Mais cette performance ne coule pas de source car parfois, les évolutions mettent en péril des secteurs entiers qui doivent être réformés. Ces domaines, parfois apparemment très éloignés du domaine de la proposition d’évolution, peuvent se sentir extrêmement concernés par le sujet, et agir et prendre position par rapport à ces innovations, en les favorisant ou au contraire en les défavorisant.

La meilleure des innovations peut très bien être mise en boîte et jetée aux oubliettes si elle vient perturber un opérateur puissant. Combien de brevets révolutionnaires de moteurs à explosion ou à hydrogène ont été achetés par les compagnies pétrolières pour ne pas voir se développer un marché concurrent au leur ? Combien de technologies de recyclage ont été étouffées dans l’œuf pour ne pas diminuer les tonnages mis en décharges ? Aujourd’hui nous voyons des entreprises hyper innovantes se faire harceler par les services de l’Etat, lesquels ne disent rien sur les technologies anciennes et polluantes détenues par les majors ! Un cheminement vers le développement durable ne peut pas laisser perdurer de tels agissements réactionnaires. L’évolution de la société vers le développement durable nécessite une volonté politique forte et courageuse. Elle oblige à redistribuer les cartes de l’économie à des opérateurs nouveaux, en rupture avec la tradition. Cela oblige une partie du monde politique à changer ses relations avec le grand capital.

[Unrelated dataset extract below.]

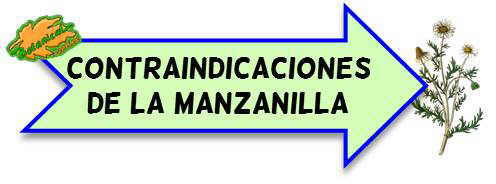 contraindicaciones de la manzanilla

Comment donc rendre possible l’évolution de la société vers le développement durable ?

Je pense que la première chose est de bien s’imprégner des objectifs internationaux, et de comprendre les secteurs économiques qu’ils impactent. Il est indispensable de bien identifier ces derniers car c’est à ce niveau-là qu’existe le plus grand risque de réactions hostiles qui viendraient contrer la libre conduite de l’évolution.

Ensuite je pense que nous devons être à l’écoute des signaux faibles, des petites innovations du fond du garage, de toutes ces idées qui germent dans la société. Elles peuvent parfois amener de grandes révolutions sociales et sociétales. Nous devons les écouter et les contextualiser pour identifier leur potentiel de progrès et leur potentiel de perturbation. La promotion des meilleures de ces idées nouvelles est une des actions qui nous fait cheminer vers le développement durable.

L’objectif est de permettre à ces idées, ces technologies, ces méthodes, d’agir sur la société et d’accomplir une part de la métamorphose nécessaire.

Il faut accompagner les porteurs de projets et les soutenir dans leur combat contre les forces de réaction de leur environnement. Il faut beaucoup de courage, de ténacité, de persévérance pour qu’un inventeur voie aboutir son projet innovant. Dans le cadre de ce soutien, il faut également lutter activement contre la corruption qui est souvent conduite par les détenteurs des marchés en cours, lesquels n’ont aucune envie que cet état de fait ne change.

Les acteurs des secteurs économiques stratégiques agissant à l’échelle des pays sont souvent des multinationales peu agiles et très puissantes. Face à l’évolution proposée par les objectifs du développement durable, ces financiers-industriels ne disposent que de deux options : s’adapter, ou empêcher l’évolution de se faire, afin de conserver leurs marchés initiaux. Force est de constater qu’hélas ils ne disposent pas d’une grande capacité d’adaptation ! Là réside un grand seuil de résistance qu’il est important de bien négocier.

C’est aux politiques courageux que revient cette lutte pour l’évolution.

Enfin, pour que notre société devienne une société durable, qu’elle devienne un climax éco-sociologique, que nous y vivions heureux, nous devons aussi accepter que nous allons changer nos référentiels, notre perception/projection de notre quotidien. Nous allons donc nous aussi devoir évoluer pour nous construire une nouvelle manière de voir le monde, une nouvelle représentation de notre existence dans cette société et sur cette planète.

C’est à ce prix que nous serons pleinement satisfaits de notre nouveau mode de vie.